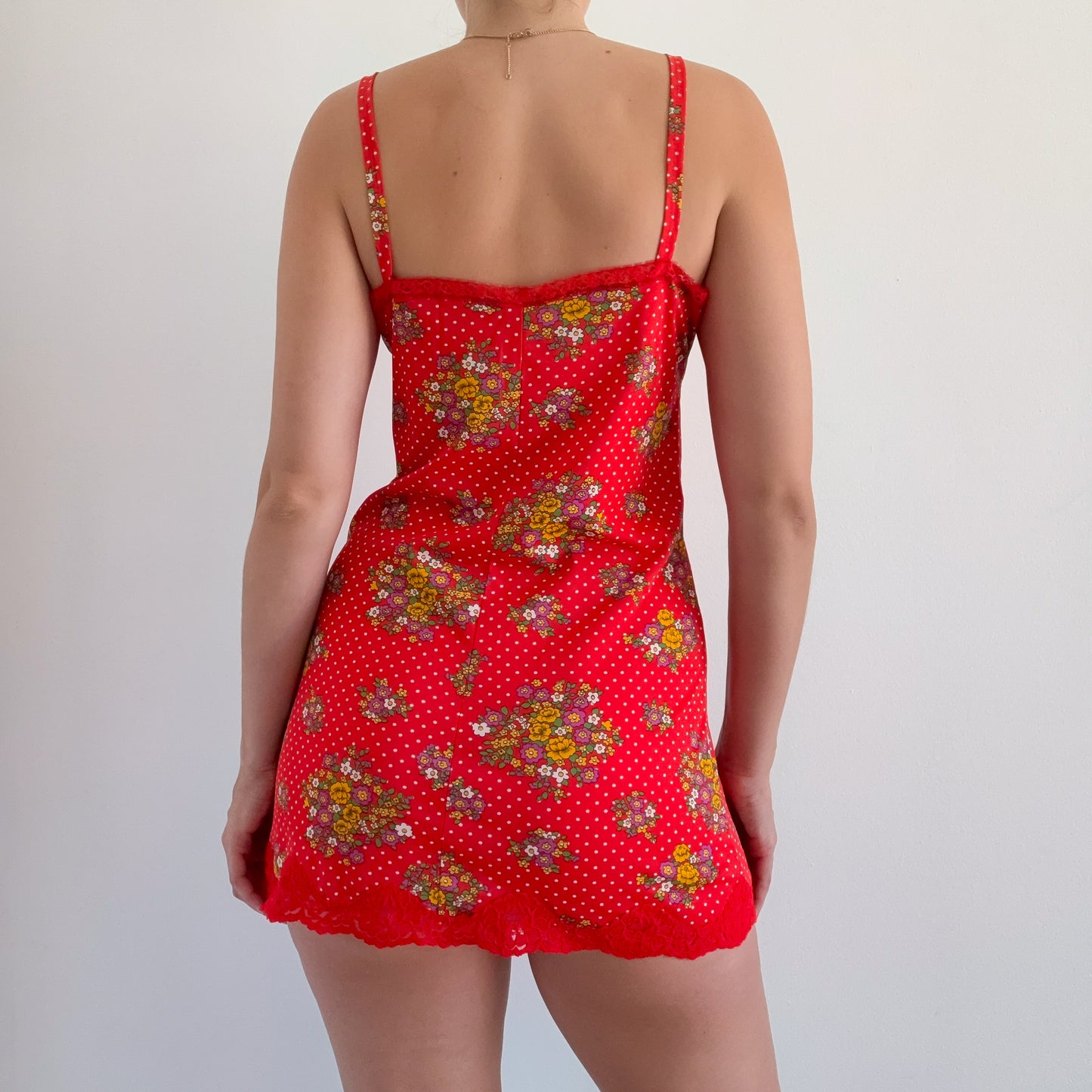 70's Red Flower Polka Dot Mini Slip Dress / SZ S/M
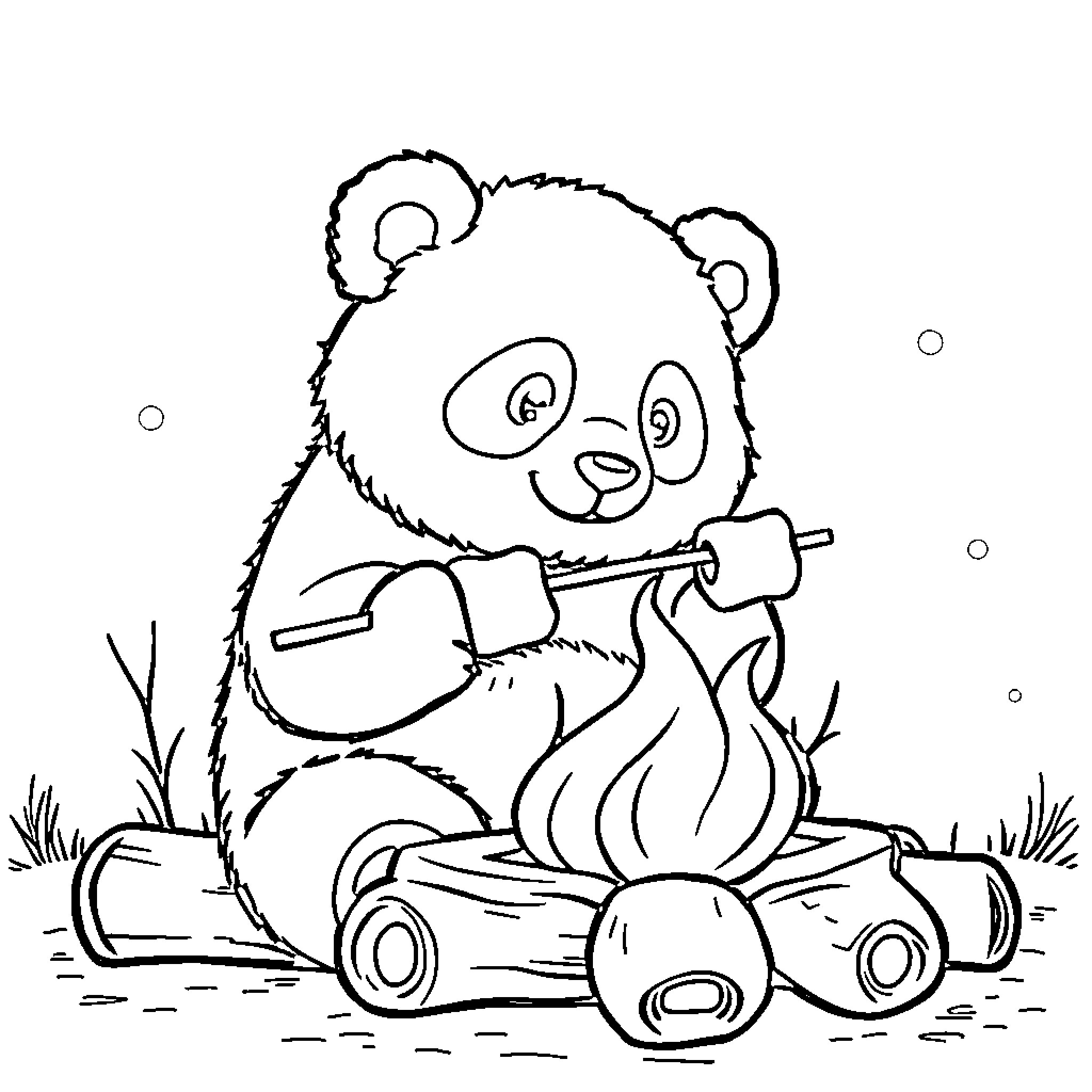 Panda roasting marshmallows by the campfire Coloring Page (free black-and-white line drawing printable PDF for all, from beginners to advanced learners, including children, teens, adults, and seniors)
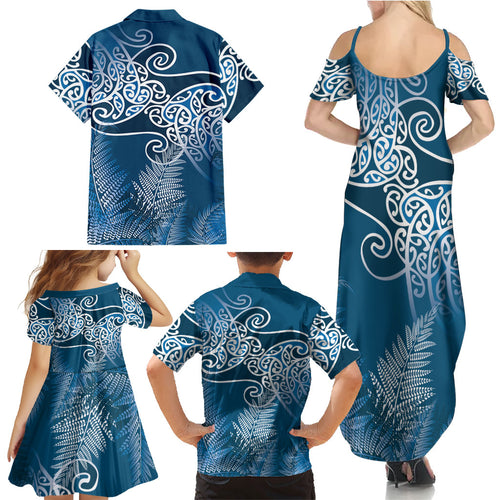 Aotearoa Maori Koru Curves Family Matching Summer Maxi Dress and Hawaiian Shirt Silver Ferns - Navy Blue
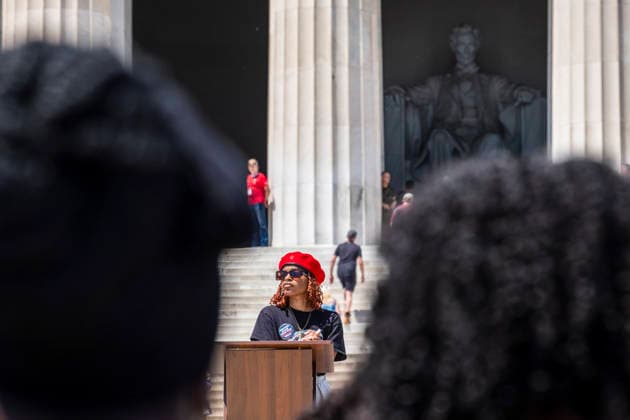 May 10, 2026, Washington, Dc, USA: MARYAM MUHAMMAD, member of the African National WomenÃ¢â‚¬â ¢s Organization, stands at the podium for the Black Mothers March on MotherÃ¢â‚¬â ¢s Day. Dozens of protesters gathered at the Lincoln Memorial for the rally to demand greater protections for Black mothers and families. Washington USA - ZUMAh204 20260510_znp_h204_001 Copyright: xRileyxHartyx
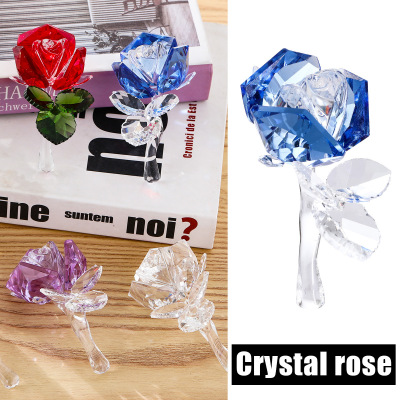 AliExpress Foreign Trade Supply Crystal Crafts Decoration Simulation Crystal Rose Home Decoration Creative Gift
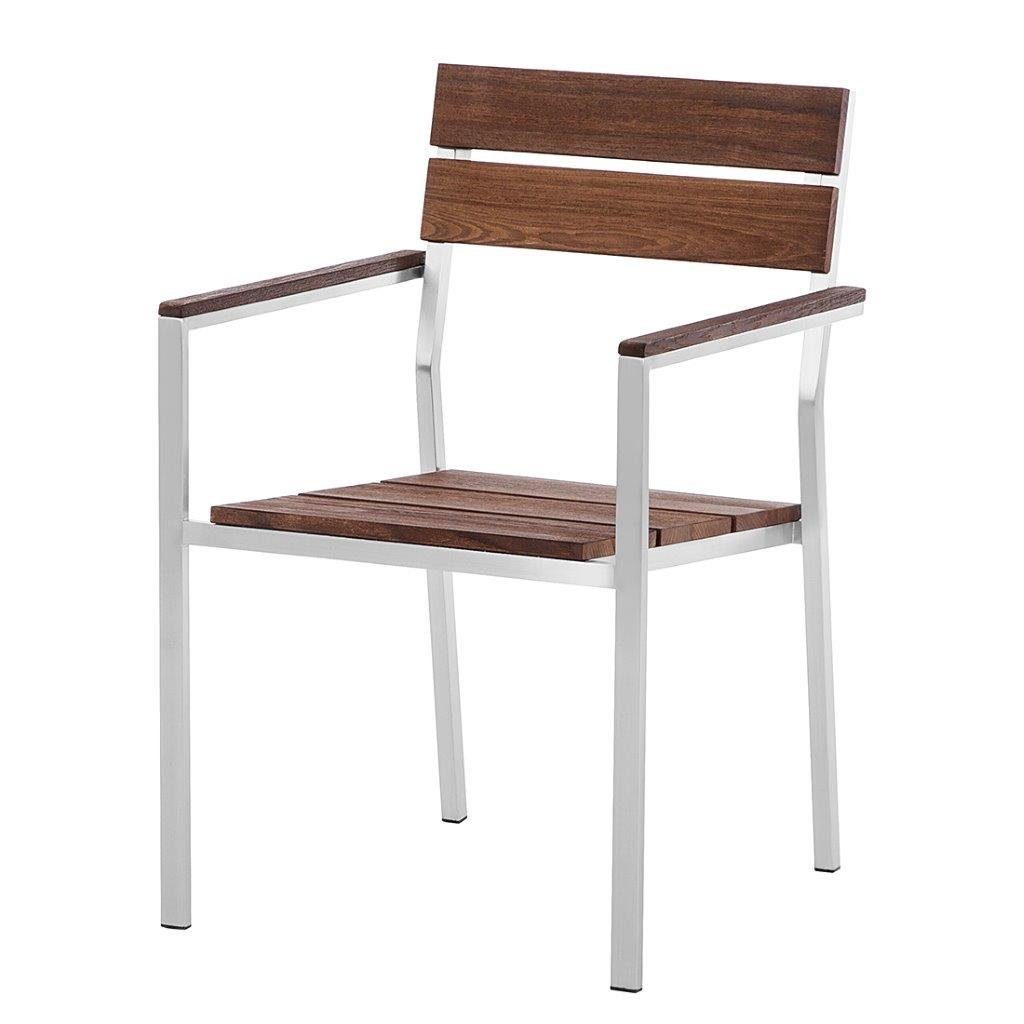 Home Feeling Gartenstuhl 2er Set Stapelstuhl Teakholz Edelstahl Soho, braun, ca. 56x61x86 cm
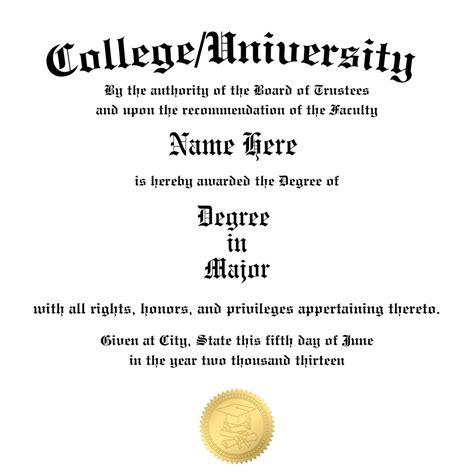 College Degree Template | Canva Editable - Etsy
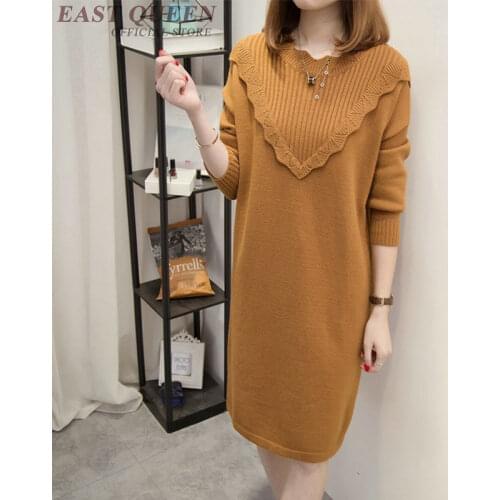 2018 Autumn women sweater knee-length bodycon dress sweater women ruffled colllar long sleeve winter female pullovers DD270 F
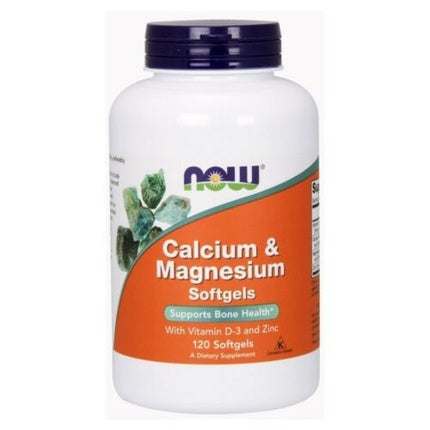 Softgeluri minerale, Now Foods, Calciu & Magneziu cu Vitamina D3 și Zinc, 120 buc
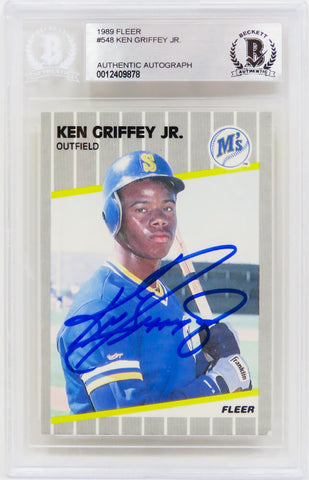 Ken Griffey Jr Autographed Mariners 1989 Fleer Rookie Card #548 -Beckett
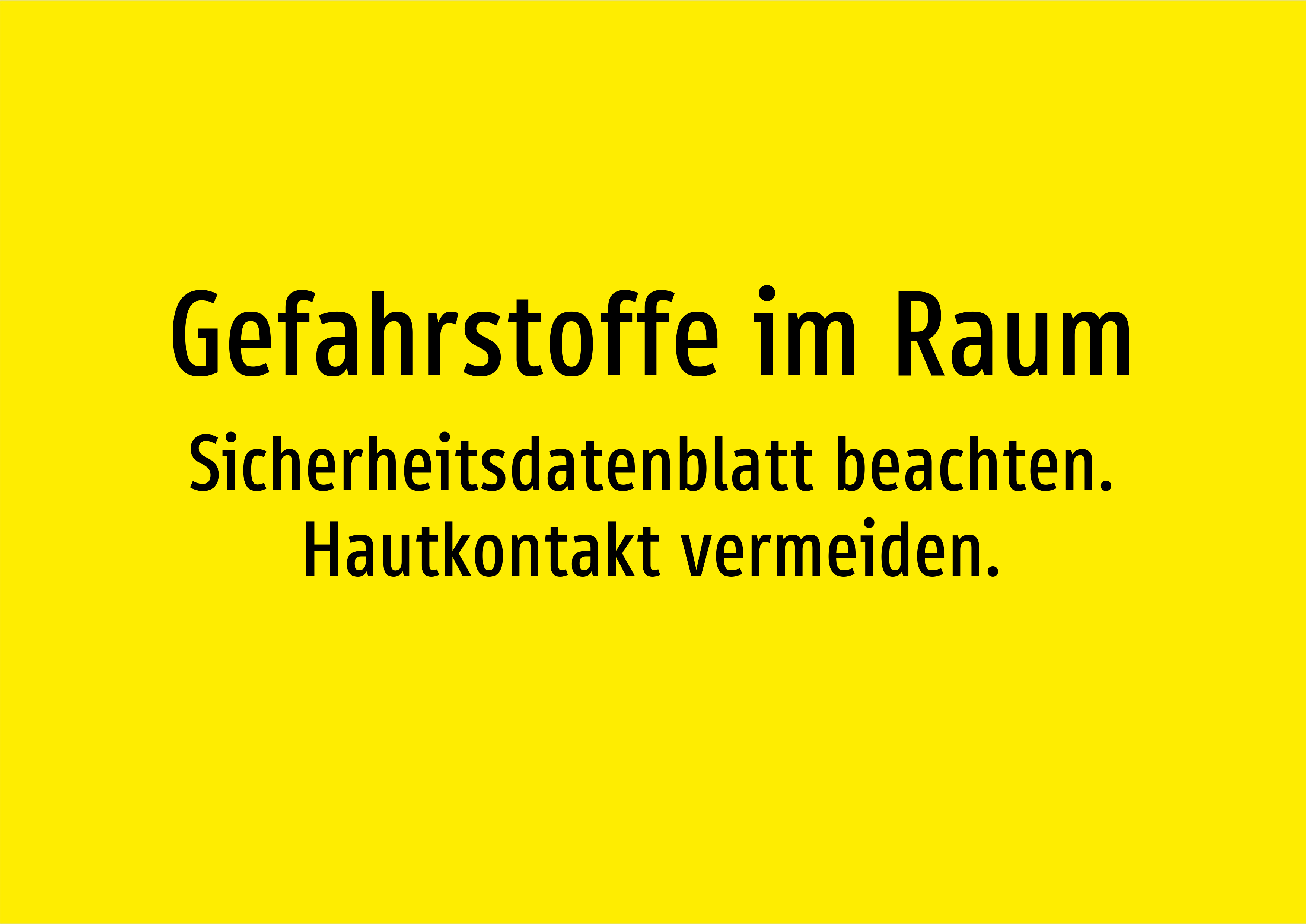 Gefahrstoffe im Raum - Sicherheitsdatenblatt beachten. Hautkontakt vermeiden. - Schild - Produktbild 2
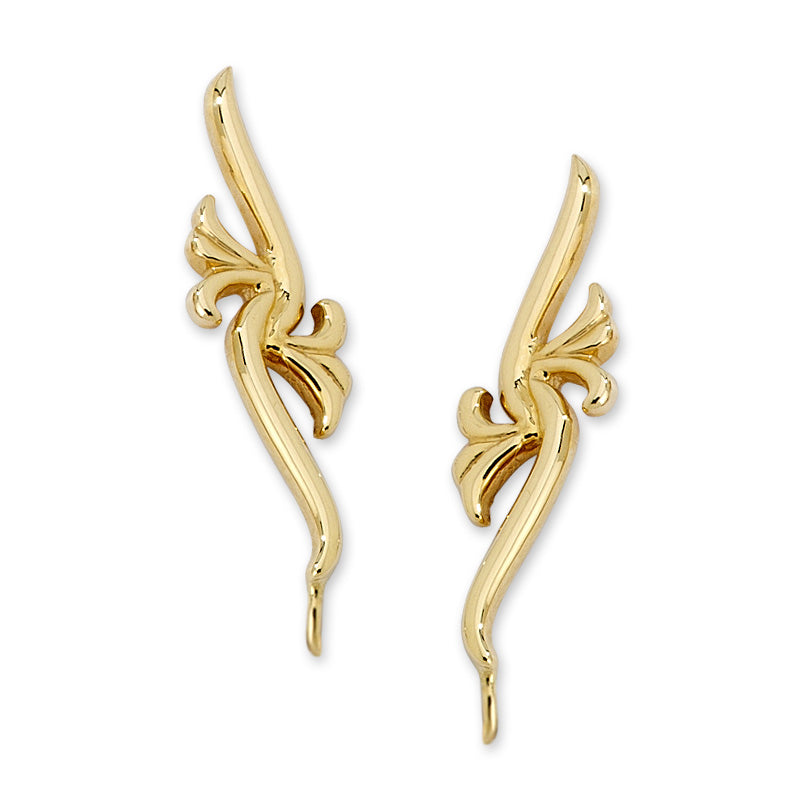 Leaf Center Polished Swirls Ear Pin Earrings in 14k Yellow Gold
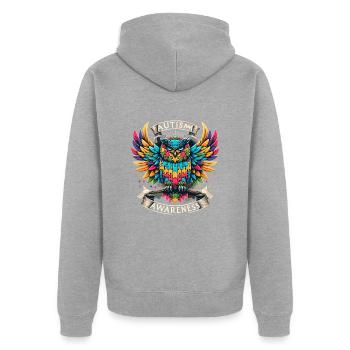 Autism Awareness puzzles piece - Unisex Premium Organic Zip Hoodie - heather grey - Back - Nico (187cm)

----------------------------------------

§ WORK INSTRUCTIONS
Transcribe only the lines above that start at the line containing "Panda roasting marshmallows" and end at the line containing "Aotearoa Maori Koru". Omit pictures.

§ SOLUTION TO THIS PROBLEM
 Panda roasting marshmallows by the campfire Coloring Page (free black-and-white line drawing printable PDF for all, from beginners to advanced learners, including children, teens, adults, and seniors)
 Aotearoa Maori Koru Curves Family Matching Summer Maxi Dress and Hawaiian Shirt Silver Ferns - Navy Blue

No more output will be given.